DIRECTIONS.
Exactly and without additions, transcribe the line that contains "Phoenix Suns October" and every line after it in the data.

*** STUDY MATERIAL Section Begins ***

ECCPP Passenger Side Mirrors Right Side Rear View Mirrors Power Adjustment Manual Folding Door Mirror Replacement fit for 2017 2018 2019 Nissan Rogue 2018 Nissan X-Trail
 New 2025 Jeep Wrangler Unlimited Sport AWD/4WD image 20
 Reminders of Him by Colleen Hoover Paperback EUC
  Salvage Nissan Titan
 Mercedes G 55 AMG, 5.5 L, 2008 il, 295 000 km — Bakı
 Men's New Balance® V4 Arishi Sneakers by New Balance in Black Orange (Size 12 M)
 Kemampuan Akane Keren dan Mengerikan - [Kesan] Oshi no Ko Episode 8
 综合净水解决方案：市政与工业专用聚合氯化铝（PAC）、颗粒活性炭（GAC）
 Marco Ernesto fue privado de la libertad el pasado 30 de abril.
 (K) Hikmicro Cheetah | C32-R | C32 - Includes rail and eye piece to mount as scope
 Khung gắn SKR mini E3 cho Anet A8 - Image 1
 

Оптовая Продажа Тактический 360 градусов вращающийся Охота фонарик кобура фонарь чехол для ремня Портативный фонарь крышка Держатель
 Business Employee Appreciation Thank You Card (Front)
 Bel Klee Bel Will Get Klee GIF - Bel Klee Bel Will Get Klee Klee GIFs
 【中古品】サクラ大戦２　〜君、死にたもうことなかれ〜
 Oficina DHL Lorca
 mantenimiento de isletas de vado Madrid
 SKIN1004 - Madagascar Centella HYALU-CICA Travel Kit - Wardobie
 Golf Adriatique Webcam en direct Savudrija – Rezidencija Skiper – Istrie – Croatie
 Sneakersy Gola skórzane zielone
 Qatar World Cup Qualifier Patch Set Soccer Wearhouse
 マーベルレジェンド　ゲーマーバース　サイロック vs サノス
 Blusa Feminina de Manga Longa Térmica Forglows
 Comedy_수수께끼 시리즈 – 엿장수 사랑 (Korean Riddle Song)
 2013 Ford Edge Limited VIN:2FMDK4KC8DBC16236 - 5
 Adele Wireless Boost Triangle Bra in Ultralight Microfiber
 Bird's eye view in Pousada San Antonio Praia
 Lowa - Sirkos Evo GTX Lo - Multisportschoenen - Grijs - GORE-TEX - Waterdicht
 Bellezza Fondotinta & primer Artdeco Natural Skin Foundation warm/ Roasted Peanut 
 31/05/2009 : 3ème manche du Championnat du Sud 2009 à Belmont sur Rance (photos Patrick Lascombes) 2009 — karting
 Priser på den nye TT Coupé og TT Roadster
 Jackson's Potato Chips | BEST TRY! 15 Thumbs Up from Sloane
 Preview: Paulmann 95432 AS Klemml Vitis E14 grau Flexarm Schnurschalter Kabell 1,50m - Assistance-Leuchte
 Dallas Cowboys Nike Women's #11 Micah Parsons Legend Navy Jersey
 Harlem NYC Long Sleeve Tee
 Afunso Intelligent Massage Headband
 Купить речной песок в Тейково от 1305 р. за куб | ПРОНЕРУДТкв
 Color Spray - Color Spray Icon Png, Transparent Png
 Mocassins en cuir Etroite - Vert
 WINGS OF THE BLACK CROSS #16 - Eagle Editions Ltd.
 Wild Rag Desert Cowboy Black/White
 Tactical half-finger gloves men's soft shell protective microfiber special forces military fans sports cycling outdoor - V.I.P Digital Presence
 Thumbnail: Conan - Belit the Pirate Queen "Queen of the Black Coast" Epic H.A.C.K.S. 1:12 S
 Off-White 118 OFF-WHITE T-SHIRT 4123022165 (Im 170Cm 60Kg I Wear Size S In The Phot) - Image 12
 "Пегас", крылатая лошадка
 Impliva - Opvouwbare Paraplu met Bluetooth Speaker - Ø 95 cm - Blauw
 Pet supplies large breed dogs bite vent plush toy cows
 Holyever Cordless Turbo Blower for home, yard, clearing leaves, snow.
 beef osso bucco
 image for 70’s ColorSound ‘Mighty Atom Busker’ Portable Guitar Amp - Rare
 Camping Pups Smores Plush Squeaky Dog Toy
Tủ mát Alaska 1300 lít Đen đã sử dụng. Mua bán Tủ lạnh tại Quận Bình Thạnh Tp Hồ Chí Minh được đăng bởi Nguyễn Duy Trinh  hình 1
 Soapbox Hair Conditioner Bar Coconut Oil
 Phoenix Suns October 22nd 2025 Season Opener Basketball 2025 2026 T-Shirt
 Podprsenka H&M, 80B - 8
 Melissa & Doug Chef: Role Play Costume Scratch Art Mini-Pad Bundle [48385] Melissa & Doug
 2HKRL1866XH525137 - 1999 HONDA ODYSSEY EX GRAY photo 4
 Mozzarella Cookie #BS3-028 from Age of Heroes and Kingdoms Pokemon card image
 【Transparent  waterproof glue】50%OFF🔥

*** STUDY MATERIAL Section Ends ***

YOUR RESPONSE.
 Phoenix Suns October 22nd 2025 Season Opener Basketball 2025 2026 T-Shirt
 Podprsenka H&M, 80B - 8
 Melissa & Doug Chef: Role Play Costume Scratch Art Mini-Pad Bundle [48385] Melissa & Doug
 2HKRL1866XH525137 - 1999 HONDA ODYSSEY EX GRAY photo 4
 Mozzarella Cookie #BS3-028 from Age of Heroes and Kingdoms Pokemon card image
 【Transparent  waterproof glue】50%OFF🔥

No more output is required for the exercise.